Доктор – я проглядел на двери в кабинет фамилию, но точно не Голсуорси – явно мельчит, заполняя страничку моей саги. Историк болезни. По всему видать, обязательство принял: уложиться со всеми моими бедами на остатке последнего листа. В самом деле, не вклеивать же еще один ради жалких двух, при снисходительности небес – трех месяцев. Пусть и разнятся в корне наши данные о «снисходительности». По моим идеалистическим представлениям, минимум лет на пятьдесят.

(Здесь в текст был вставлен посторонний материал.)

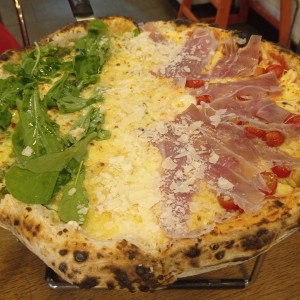 Pizza VIP (3 a 4 personas)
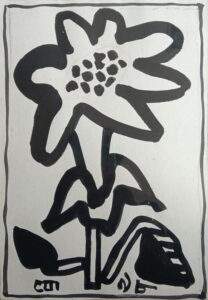 Untitled (Flower)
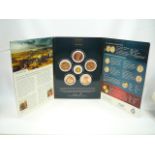 Waterloo 200 coin set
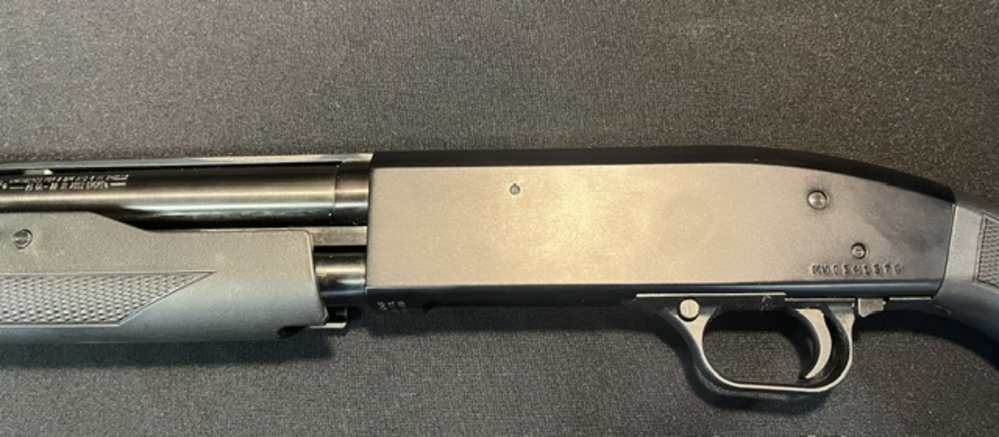 MOSSBERG 88 20 GUAGE PUMP SHOTGUN NR-img-9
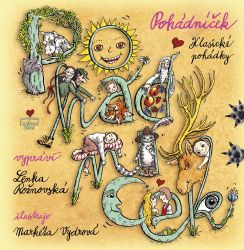 Pohádníček - Lenka Rožnovská - Pohádky pro děti Pohádníček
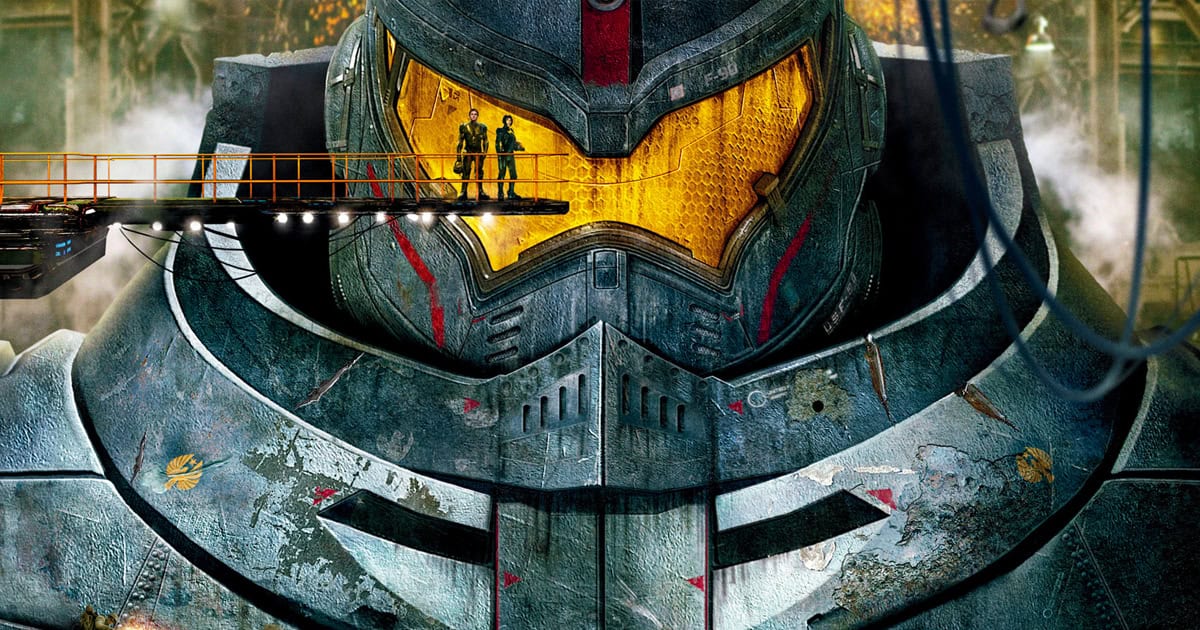 Pacific Rim TV series in development from Arrival screenwriter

Что навеяло это число? Не исключено, что подспудные мысли о полтиннике в баксах, который бы мне сейчас ой как не повредил. И тоскливое предвидение, что из знакомых никто в долг не даст. Нет у меня больше состоятельных и в то же время доверчивых знакомых. Эти два мира оказались успешно разделены и теперь ни при каких обстоятельствах не перемешиваются. Единственное место, где они еще худо-бедно сосуществуют, это моя потрепанная записная книжка. Чувствую, такое положение дел не только у меня, но говорить об этом не хочется. И со мной никому не хочется. Чего зря ныть-то? Иными словами, с приличными людьми вожусь. Неожиданный вывод. Однако приятный.